Teradata / PyTd

A Python Module to make it easy to script powerful interactions with Teradata Database in a DevOps friendly way.
MIT License
108 stars 43 forks source link

Unexpected Unicode Conversion Error #73

Open jamesmf opened 7 years ago

jamesmf commented 7 years ago

I've been plagued by hard-to-predict Unicode Conversion Errors while trying to insert non-Unicode data into existing TD tables.

The data being inserted is 2 integer columns and 20 floats, stored in a list of lists, passed as a parameter to cursor.executemany(insertString,data,batch=True)

The session explicitly specifies charSet = 'ASCII' (though that is also the ODBC default).

The table being inserted into also has a TIMESTAMP(6) NOT NULL DEFAULT CURRENT_TIMESTAMP(6) column that isn't being inserted from python.

The insertString looks like: INSERT INTO db_name.table_name(comma_dlm_list_of_columns_to_insert) VALUES (?,?,?,?,?,?,?,?,?,?,?,?,?,?,?,?,?,?,?,?,?,?,?)

I get back: teradata.api.DatabaseError: (1, '[HY000] [Teradata][ODBC Teradata Driver][Teradata Database] Unicode Conversion Error')

escheie commented 7 years ago

Is the problem intermittent? When it fails can you print out the input to the function and isolate the row its failing for?

jamesmf commented 7 years ago

The problem is intermittent and I have a hard time reproducing it. So far I've noticed it only when the input I'm trying to insert contains floats. It also seems like it's happening only when I'm inserting into a table that I didn't create using Python.

I can see that my ODBC drivers have been downgraded to TD 14.10 though the db is on 15.10, so that seems like a possible culprit. Is that a known issue?

jamesmf commented 7 years ago

Okay confirmed that the TD ODBC drivers are still 15.10. It seems to reliably work when I create a table and immediately insert into it, but when I insert into existing tables, I sometimes get this error. Again it seems to only happen when I'm inserting floats (though it's possible that's a coincidence because I can't reliably recreate the error on new test tables).

jamesmf commented 7 years ago

It appears to be an issue relating to the size of the input to .executemany(). When I insert line-by-line it succeeds, as it does when I insert 5000 rows at at time. When I insert ~7500 (a number I get at using a very rough heuristic), I get the error on the first insert. This surprises me because I have certainly had the 'too many rows at once' error in multiple forms: 1) in the case where it's above the explicit maximum (16383 rows I believe) 2) in the SQL request exceeds 1MB case

Any advice or thoughts on this? I'm hesitant to catch that exception, as I assume it's the same exception thrown in the case of an actual Unicode Conversion Error...

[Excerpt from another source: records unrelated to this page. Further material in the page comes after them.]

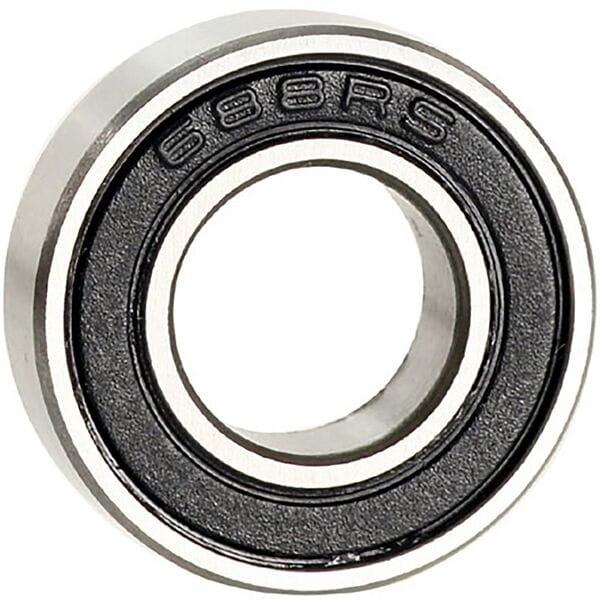 M Part MAX Bearing 688V LLU 8x16x5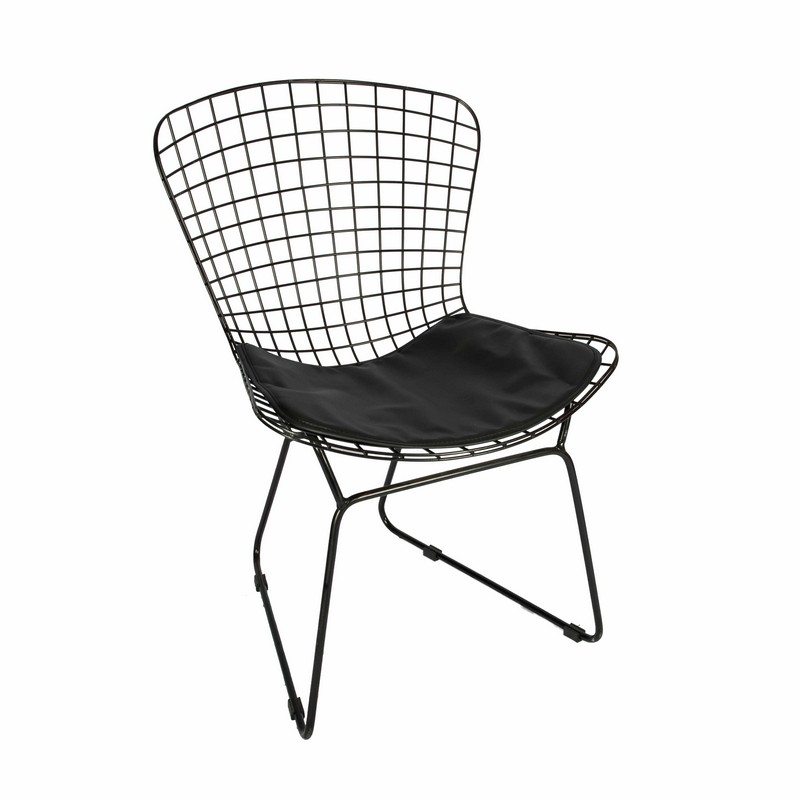 ΜΕΤΑΛΛΙΚΕΣ ΚΑΡΕΚΛΕΣ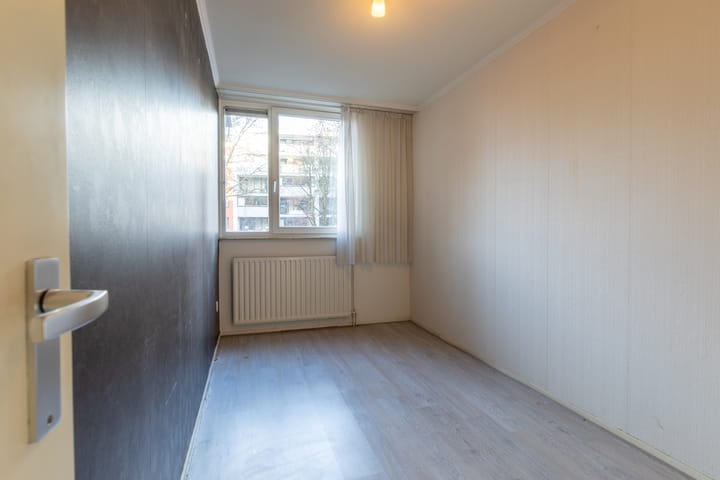 Photo 10 of Putgraaf 18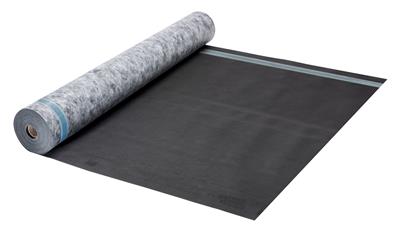 Cover image for SOLITEX FRONTA QUATTRO connect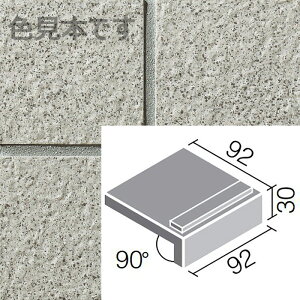 j[W[lbg 100mmpti@ GK-101/3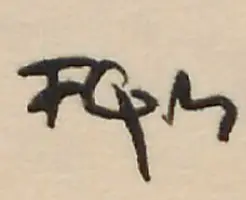 Flemming Quist Møller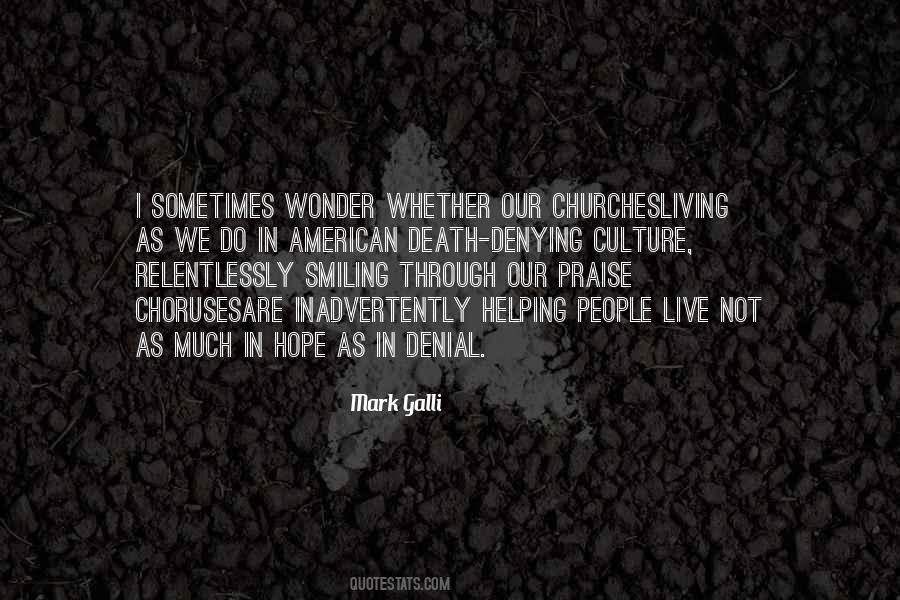 Jumbling Quotes #504880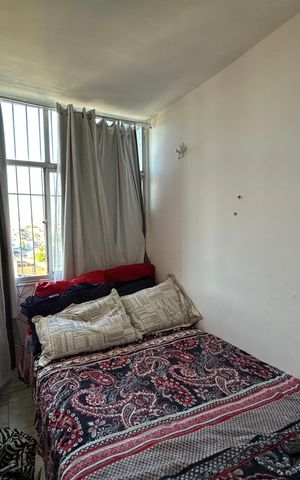 Apartamento para alugar com 65m², 2 quartos e 1 vagaQuarto 2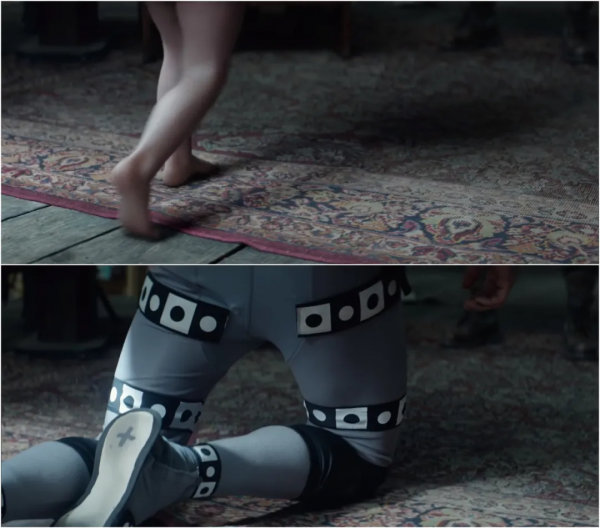 25部大片特效前後對比，被騙得好慘啊…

escheie commented 7 years ago

That's great you can reproduce it at will now. If you have a simple script that produces the problem I can see if I can reproduce the problem in my environment and generate an ODBC trace file to send to the ODBC support team to have a look.

jamesmf commented 7 years ago

I'm having trouble recreating it with arbitrarily generated data. With data on which it's already failed, I can reliably recreate the issue (including on new tables with the same definition). Also perhaps worth noting, there's an 'insert_dt' field that is defined as TIMESTAMP(6) FORMAT 'YYYY-MM-DDBHH:MI:SSBT' NOT NULL DEFAULT CURRENT_TIMESTAMP(6))

The behavior is baffling:

The data is a list of lists looking like the following:

When I recreate new, random data meeting those specifications, I can't get the same error. I've inspected everything I can about those first 6000 rows and I can't identify anything that occurs in them that doesn't elsewhere. They're all a mixture of int/float/None, there are no values outside the range 0.05-2000., and I can insert every row individually.

escheie commented 7 years ago

Can you try reproducing the issue with ODBC trace enabled and e-mail the file to me?

jamesmf commented 7 years ago

emailed.

andreapiso commented 6 years ago

Any progress in solving this issues? We are encountering the same problem feeding many records to executemany

jamesmf commented 6 years ago

I ended up lumping it in with this error https://github.com/Teradata/PyTd/issues/76 and catching either of these Exceptions. My best solution was to wrap my inserts with a try: and in the except: block it retries with fewer rows at a time.

The only hard and fast rules I could figure out were 1) never insert > 16,383 (I think) rows at once 2) never insert > 1 MB of bound data per insert.